Vamos dar continuidade a matéria sobre os jogos narrativos de Avery Mcdaldno, e sua imensa contribuição para este segmento do RPG.
Ok,
muitos que conhecem jogos independentes (termo também difícil de definir…) já a
conhecem e já sabem do que estamos falando, mas vamos lá. Avery faz jogos
densos, sobre escolhas significativas e, com mecânicas simples e premissas bem
trabalhadas, fazem você e seu grupo de jogo pensarem bastante sobre coisas que
se apresentam nas nossas vidas, como mudança, criação coletiva de alguma coisa,
repressão estatal e direitos civis, sexualidade, intolerância e segurança nas
mesas de jogo. Basta ler qualquer jogo da autora para observar a grande
preocupação que ela possui em ser entendida, em comunicar bem, em quase abraçar
quem estiver lendo seus jogos. Apenas para ilustrar, no Perfect Unrevised há
uma grande seção destinada a conversar com novatos, veteranos em jogos
narrativos, a tratar a violência, a utilizar as técnicas de linhas e véus
(presentes em vários jogos, como no Violentina de Eduardo Caetano, por exemplo). Ou seja, há um real carinho em torno da
criação e publicação de jogos. E isto se faz muito necessário em ambientes
tóxicos que se reproduzem na cena de jogos analógicos no Brasil.
The Deep Forest |
Mas
ainda tem mais, e nem estou falando de The Deep Forest que adapta The Quiet Year para uma perspectiva pós-colonial em um trabalho
conjunto de Avery com Mark Diaz Truman (autor de Urban Shadows, Cartel e Our
Last Best Hope, entre outros) que coloca os jogadores no papel de monstros que
foram devastados por humanos.

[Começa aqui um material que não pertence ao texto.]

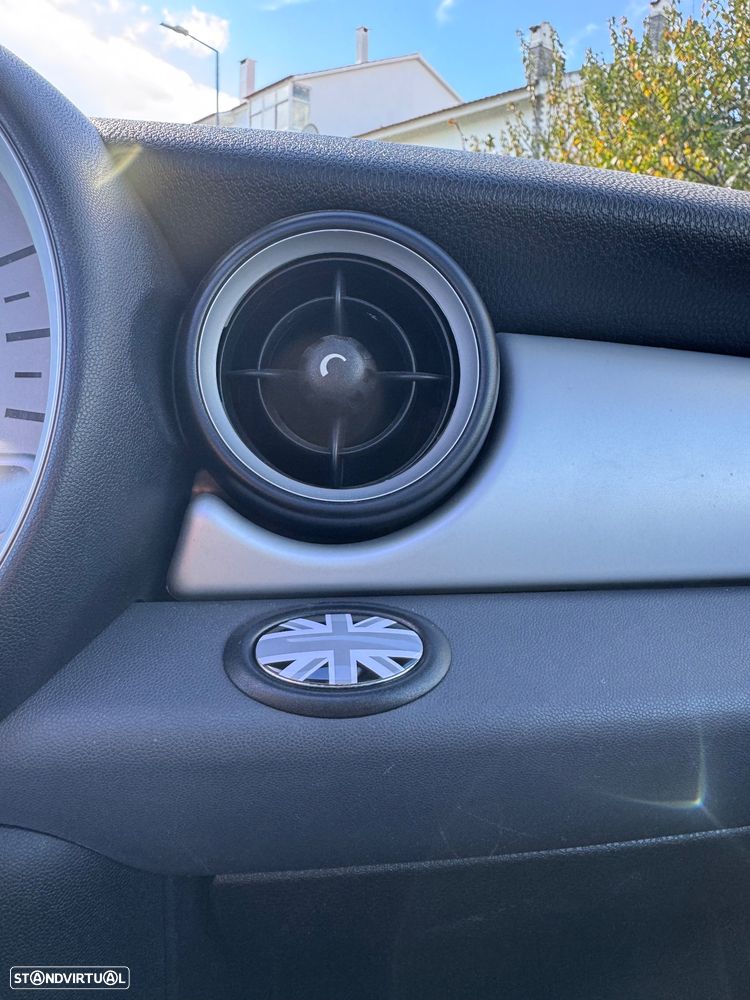 MINI 3 Portas One 1.6 - 22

Aqui a perspectiva não é humana, mas de seres
vistos como “bestiais”, mas que na verdade possuem organizações sociais
particulares. Um baita questionamento sobre etnicidade, por exemplo.
Mas
chegamos até aqui e talvez o mais importante não foi apresentado: algo sobre a
autoria. Avery já foi Joe Mcdaldno. Avery é uma autora que não apenas discute
(e muito bem) representação mas ela busca o questionamento da normatividade no seu design de jogos, uma
extensão de sua própria ação social. Ué, mas esta postagem não em um blog de
jogos, em um blog de RPG e demais jogos analógicos? O que esse papo estranho
está fazendo aqui? Ele tem de estar aqui. E vamos lá.
Há
algum tempo temos situações muito complicadas na “cena nerd” (outro termo
péssimo) e normalmente há reverberações coercitivas e punitivas (algo
necessário, aliás), mas não observo o sublinhar em boas ações que visam ingame
trabalhar a diversidade social que se defende. Ainda há os mesmos grupos
trabalhando sobre temas ditos “genéricos” que insistem em nem ao menos
representar outros grupos sociais. Mas o que falamos aqui é mais que
representar, é ter mulheres, negros, pessoas trans e toda a beleza da
pluralidade que compõe nossa sociedade não como ilustração em páginas, mas
produzindo, ganhando notoriedade e inserindo nas mecânicas e temáticas dos
jogos tais questionamentos (recomendo muito os slides que Avery fez, estão no
último link que postei, no início deste parágrafo). Logo, conhecer e jogar os
jogos da autora são importantes como motores para a ação constante de promover
jogos seguros e que prezem pela diversidade.
Bem,
e se você explorar o site da autora ainda terá acesso a comentários de outros
desenvolvedores, vai se surpreender pois vários destes jogos incríveis são
GRATUITOS ou bem baratos e vai ter acesso a adaptações dos jogos para outros
cenários (os hacks). Só para você ter uma ideia, há um hack do
Ribbon Drive chamado Slashed to Ribbons que tem como proposta de transportar
para filmes de terror do gênero Slasher, como Sexta-Feira 13. E sim, eu
sempre darei uma atenção especial ao horror e ao terror, meu quinhão de mais
apreço.
Monsterhearts |
Mas
Avery não está muito distante de nós. Muitos conhecem seu trabalho por
Monsterhearts,
um jogo sobre sexualidade e amadurecimento no qual os jogadores se colocam no
papel de monstros e emulam séries como Teen Wolf, por exemplo. Mas ela ainda
está mais próxima de nós. Dream Askew, um jogo narrativo sem mestre e sem dados
sobre o apocalipse Queer com escolhas difíceis a serem tomadas em um mundo sem
recursos chegará ao Brasil ainda este ano, em uma ação de tradução e edição
conjunta entre o Livro dos Espelhos e o Inseto Vermelho. Vale parabenizar a iniciativa de Alan Silva (autor de Cachorros Samurais,
Veridiana e Erótica, que já trouxe o Teen Witch da mesma autora) e Eva Morrisey
(tradutora e revisora de títulos como Numenera e membro da Corte de Copas) por trazer este jogo justamente no momento em que estamos passando.
Então que
joguemos um pouco mais jogos que significam,e espero que tenham gostado!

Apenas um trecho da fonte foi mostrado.